I gesuiti stanno facendo qualcosa con quel gruppo di indigeni dentro gli Stati Uniti d’America, il generale mi ha raccontato l’altro giorno. Ma, tornando alla restituzione, essa è una misura che si può restituire, che è necessario, che è un gesto che è meglio farlo. Delle volte non si può, non c’è possibilità da politica, possibilità reale o concreta». Il Pontefice ha comunque mostrato di amare molto l’Ungheria, di conoscerla anche perché faceva servizio in una parrocchia ungherese da giovane. Così, ha raccontato ai giornalisti di aver avuto esperienze «nel Sessanta, quando studiavo in Cile», dove erano «tanti gesuiti ungheresi che erano dovuti andare a lì perché cacciati dall’Ungheria».

BERGOGLIO, IL GULASH E IL TOCAI

Ma ha anche detto di essere amico «delle suore ungheresi di Maria, che avevano una scuola a venti chilometri da Buenos Aires», cui faceva una visita «due volte al mese, un po’ da cappellano straordinario», e con la società ungherese a Buenos Aires.
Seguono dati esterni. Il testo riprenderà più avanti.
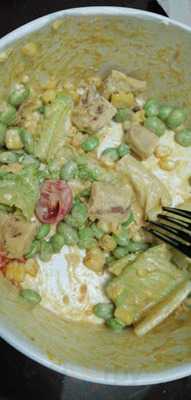 ‪chicks N' Friends‬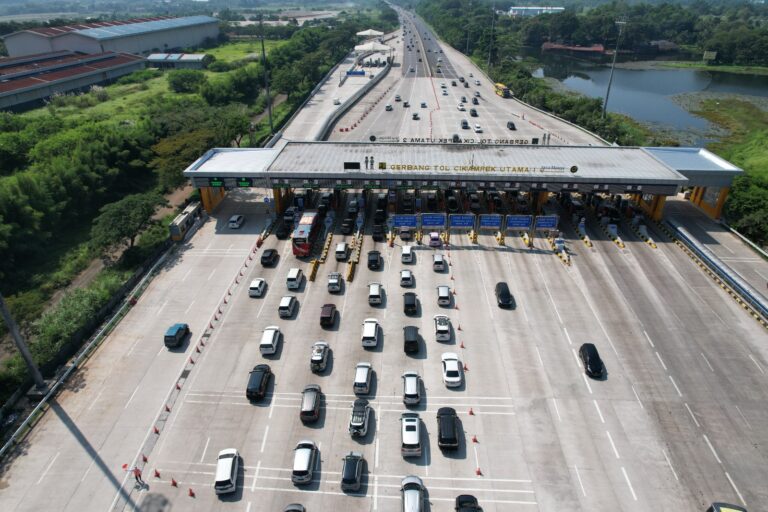 Jelang Periode Libur Natal 2023 dan Tahun Baru 2024, PT JTT Pastikan Kesiapan Operasional di 4 Jalan Tol Sepanjang Trans Jawa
Scherzando il Pontefice ha anche rivelato che capiva soltanto le parole «gulasch» e «tocai», poi ha anche conosciuto «l’entusiasmo breve» della rivolta di Budapest del 1956, e poi «la delusione dopo». Il Papa però si è detto colpito dalla profonda cultura degli ungheresi, «anche quelli che non erano di una classe sociale alta», e che parlava «normalmente il tedesco o l’inglese, perché in ungherese non si parla. Fuori dell’Ungheria», e ha aggiunto una battuta generale: «Soltanto in paradiso si parla perché dicono che ci vuole un’eternità per imparare la lingua ungherese».